Sunday, April 11, 2021

DIY Eggtremely Large Easter Egg


This was an eggtremely time consuming project to do, but it was also very rewarding, and even fun. I want to warn you though, don't paper mache it alone. I was having a great time until I hit that part and I posted on Facebook: "I began to paper mache today...and I was reminded of this quote from White Christmas: 'Miss Haynes, if you're ever under a falling building and somebody runs up and offers to pick you up and carry you to safety, don't think, don't pause, don't hesitate for a moment, just spit in his eye.' If someone ever asks me to paper mache again, that's my answer." To which a dear friend responded: "It’s going to be great when it’s done! Don’t forget to post! And you’ll forget all this trouble by next year- it’s like having a baby." And guess what? She was absolutely right. I had such joy when the thing was finished, and not because it was done, but because it actually turned out alright. And I gave birth to it. But I still recommend that you get help with the paper mache part.

Supplies you will need:

  • a tall corrugated cardboard box (preferably at least 6 feet tall)
  • a large square sheet of cardboard for the middle "shelf"
  • small cardboard mailing boxes
  • a broom handle (optional, but it will lend support to the structure)
  • a gallon jug full of sand (optional) if you want to weight the bottom
  • square sheet of plywood or chipboard as the base
  • wood screws of 1 1/2 " and shorter
  • screw drive and either a hammer and large nails or a drill to make your pilot holes with
  • box cutter and extra blades (cardboard will dull blades quickly)
  • a long straight edge like a metal yard stick
  • lots of newspaper (you can use other materials like paper towels or construction paper
  • flour and water OR white glue and water 
  • 1 can white spray paint primer (unless you use paper towels or light colored paper for your mache layers)
  • 2 cans of the color spray paint you want to make your egg
  • 1 can of spray sealer if you egg is going to be outside
  • 2 packages of permanent self adhesive colored paper for a Cricut. One assorted (for the polka dots on the egg) and the other all the same color (for the zigzag around the egg's center). You can also paint these on if you have time and want to save money
 If you want to add a scene inside you will also need:
  • Clear vinyl (the heaviest gauge Joanne Fabrics, or whatever store you use, has)
  • I also purchased some green turf at Joanne's (using a 40% off coupon) for the grass in the empty tomb scene
  • The rest of the items you can make yourself or purchase online and print yourself. The links are below

Cut and Prepare the Cardboard for the Structure

To get started you need to make the strips for the egg "shell" and a round circle for the center even if you aren't going to put a scene in the egg (if you are putting a scene in this circle will serve as the shelf for it to go on).
Use your yardstick to mark off the strips of cardboard. I made mine 2.5 inches wide, but I probably should have gone with 3 or 4 inches wide. I think there were at least 6 feet in length.

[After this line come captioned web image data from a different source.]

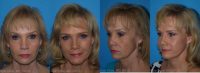 Lower face & neck lift with perioral dermabrasion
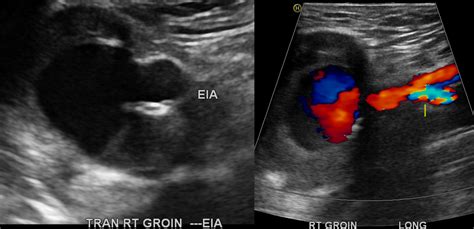 Pulsatile Groin Mass 15 Years After An Aorto Bifemoral Bypass Graft Michael Cumming Md Mba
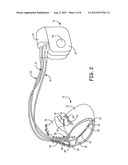 ISOLATED LEAD CONDUCTOR MEASUREMENTS FOR FAULT DETECTION diagram and image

Use the straight edge to run the box cutter along to get a straight edge.
Next, curve the strips of cardboard by running them over the edge of a table or counter. Again, watch the video if this doesn't make sense.

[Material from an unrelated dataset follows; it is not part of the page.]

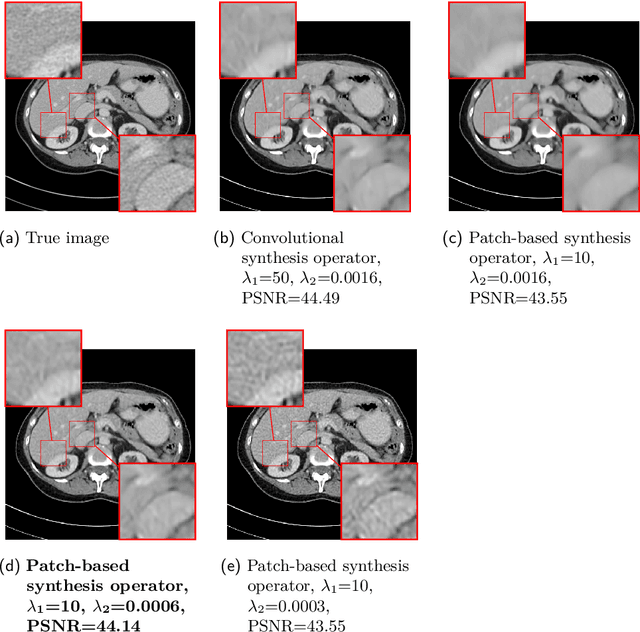 Figure 3 for Deep learning based dictionary learning and tomographic image reconstruction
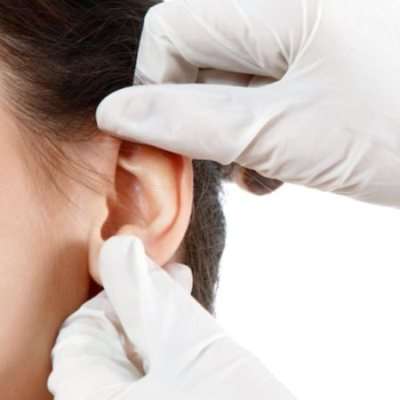 Rò luân nhĩ ở trẻ em 3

The finished pieces should look like the ones below:

To cut my round circles, I used the hole in the yardstick to anchor it to the center of the cardboard. Then I put my pencil on the 15" mark on the stick and moved it all the way around until I had a circle. You could also use a piece of string cut to the length of 1/2 the diameter of the cirlce you want, attach it to the center of the square piece of cardboard and attach a pencil to the other end and run it around in a circle. Use the box cutter to cut them out.

Form the "Shell"

To make the "shell" of the egg, I attached the long strips to a square of wood I had. I originally used a staple gun, but I ended up using wood screws, and attached the whole thing to a 3' x 3' piece of chipboard.
What you are creating in this section.

I added the second set of strips on top of the first. I intentionally left one strip out because I wanted to put a "window" in the top 1/2 of the egg. I ended up adding a strip in the bottom half so there was something to paper mache over. I also used a small round circle of cardboard over top of the strips to help them pull up in a round shape (see second picture below).

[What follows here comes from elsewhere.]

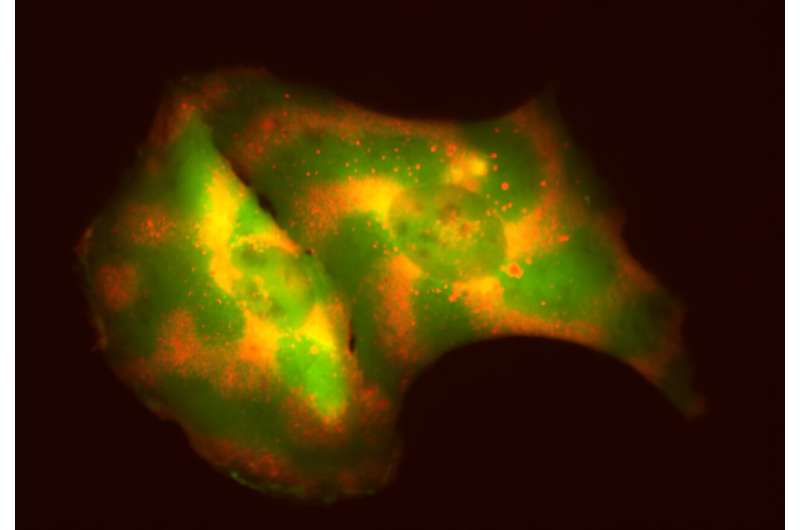 Programming cells to organize their molecules may open the door to new treatments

To support the "shell," you stack small boxes up the middle of the egg. I weighted the bottom 2 boxes with a gallon of sand because the egg was going out side for awhile.

I also ran a broom handle up through the boxes to give it additional stability. I cut X's in each box to allow the handle to pass through.

This was not a perfect egg. The first cardboard circle probably should have been a little lower. The second one was not necessary. I was originally going to put the window up by that shelf. Once the "tower" of boxes was built, I brought the sides up and anchored them on the exposed broom handle. However, it really was not a good idea as I explain below.

This was a great way to anchor the strips of cardboard, but it made for a lopsided egg. Instead, I should have put a circle of cardboard on the broom handle and then anchored the strips all around it. I ended up having to put a circle of cardboard over the top of the whole thing (see 2 pictures down).

I had to put the circle of cardboard on top so I could get somewhat of an egg shape. I ended up using screws to get it to stay in place. And some duct tape.

You can see how the top piece of cardboard is screwed down. I also had to slit it all the way around to get to curve over the top of the egg.

Paper Mache Steps

I covered the egg with some brown packing paper I had before I paper mached it.

Then came the most time consuming step, covering it in paper mache. You can see the window area I left open below. I used glue and water for two reasons. First, I read that it would dry faster. Second, it won't mold if you plan to keep the egg for awhile (flour and water will, but you can add salt which helps to prevent it). I really did not like this medium. It seems like it went faster when I used the flour/water base in the past.

It took so long that I only put one layer of mache on. The brown paper gave it more durability though. 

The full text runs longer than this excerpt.